Just because the shaft seal hose is stiff, I don't think that assures the shaft is actually exactly on the line that it should be.
If you were to take the hose off and centre the prop shaft in the hole, you might get a different answer?
I assume the boat is ashore?

The shaft seal needs to move around with the engine, given the engine is on flexible mounts.
 
Just because the shaft seal hose is stiff, I don't think that assures the shaft is actually exactly on the line that it should be.
If you were to take the hose off and centre the prop shaft in the hole, you might get a different answer?
I assume the boat is ashore?

The shaft seal needs to move around with the engine, given the engine is on flexible mounts.

The boat has an Orbitrade seal, rather like the Volvo shaft seal. These are very stiff rubber and won't move around much at all.
 
The boat has an Orbitrade seal, rather like the Volvo shaft seal. These are very stiff rubber and won't move around much at all.

I'm not familiar with that model.
Worth checking it's not sagged under the weight of the propshaft while the motor's been out?
Is it something that can be turned up the other way?
 
So I have just read your post and make my response without reading any of the responses already received. Here is what I would do.

BTW the photo looks like you have an angular mis alignment as well as an axial one, so mounts front and rear will likely need adjustment.

Remove the spring washer beneath the bolt lock nut - this provides 2-3 mm downward movement.

Slim the locknut on a lathe to ~ 2/3 thickness to provide the rest of the adjustment space needed.

If necessary take a light skim on the support nut beneath the engine foot, to a minimum of 3/4 original thickness, although better to remove any washer above this nut as it is supporting the weight of the engine all the time.

Use Loctite grade 242 or 243 in place of the lower spring washer.
 
The boat has an Orbitrade seal, rather like the Volvo shaft seal. These are very stiff rubber and won't move around much at all.

They are stiff, but not so stiff that they will not distort under the weight of the shaft. As your boat is in the water you cannot just take it off to check, instead you need to lift the shaft and see how far up it will go. First press it down to establish whether it is in fact, as I suspect, touching the bottom of the tube. Then lift it and measure how far up it can go before touching the top of the tube. You need some packing under it so that you can measure accurately, then you need to put more packing under it to hold it central. Check sideways as well as vertically. There is no point trying to align the engine until you are certain that the shaft is correctly centred in the stern tube. My shaft has about 4.5mm to 5mm clearance all round in the tube. I have had both Volvo and Eliche Radice seals, the Orbitrade is similar, and with the flanges disconnected I could move the shaft to touch top, bottom or sides of the tube; it just needed a bit of force to do so, particularly lifting it to the top.
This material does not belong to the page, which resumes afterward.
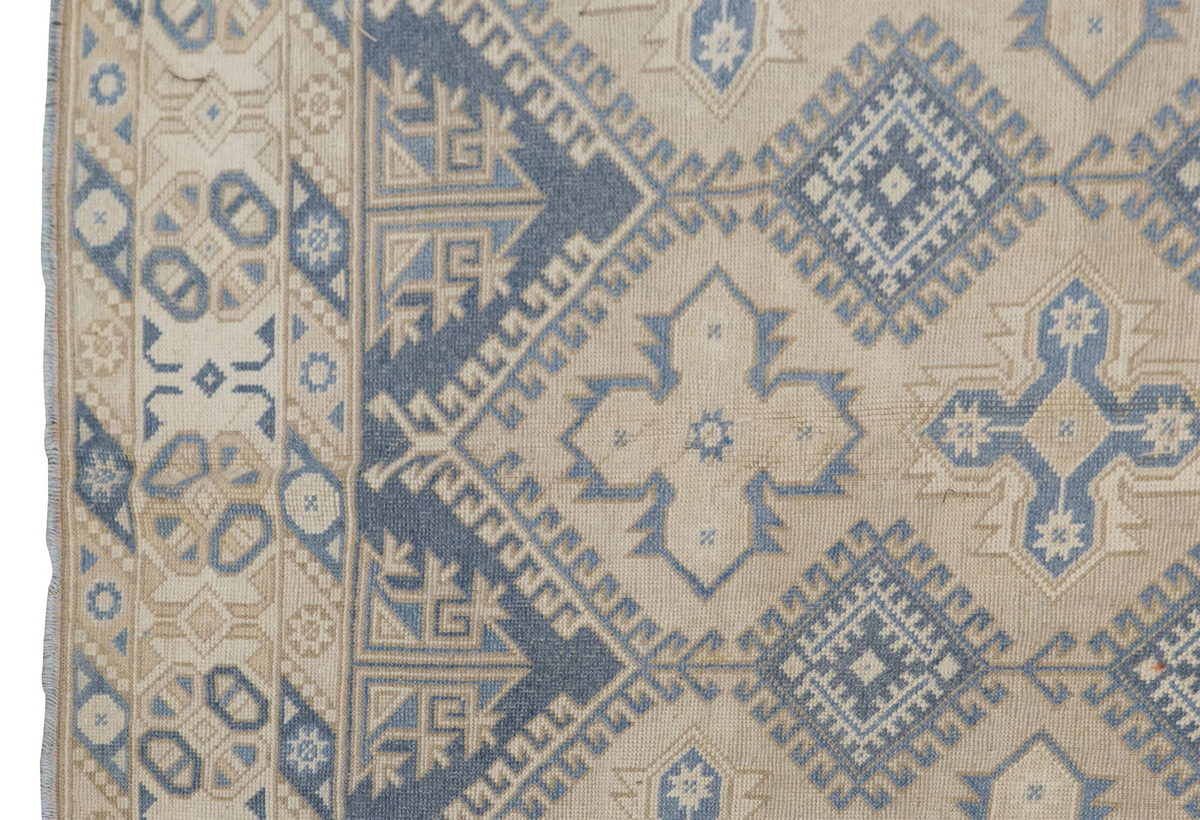 Vintage Large Rug, 6'6" x 9'7" feet / 198 x 292 cm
I am serious about sideways alignment. I had to shift my engine mounts about 3mm sideways to get the shaft central. It had been installed with new engine mounts and aligned OK vertically but not done properly laterally.
 
I would remove the height adjustment nut and use washers as shims. I would want full washes as well so no chance of them coming out. You will most likely be able to unbolt the engine part of the mount (do one at the time) to fit the washers while supporting the engine/gearbox with wedges on the bearers. Its most important that the faces of the coupling are perfectly parallel to each other before bolting up (after you have aligned the shaft.) From the pic. it looks miles out.
 
Cant add much to what has already been said apart from : It might help to measure the height of the old mounts that you took off which will tell you pretty much where the new ones should be. It may well be that the shaft has dropped but comparison should tell you....
 
How is the bracket fixed to the engine block, can you not remove that and modify it? be much easier than messing around with the bed or mounting.

But are you sure the mounts are correct see https://www.parts4engines.com/yanmar-3ym30-parts/ they are recommending different mounts front and rear with the front being stiffer than the rears, That might allow it to align.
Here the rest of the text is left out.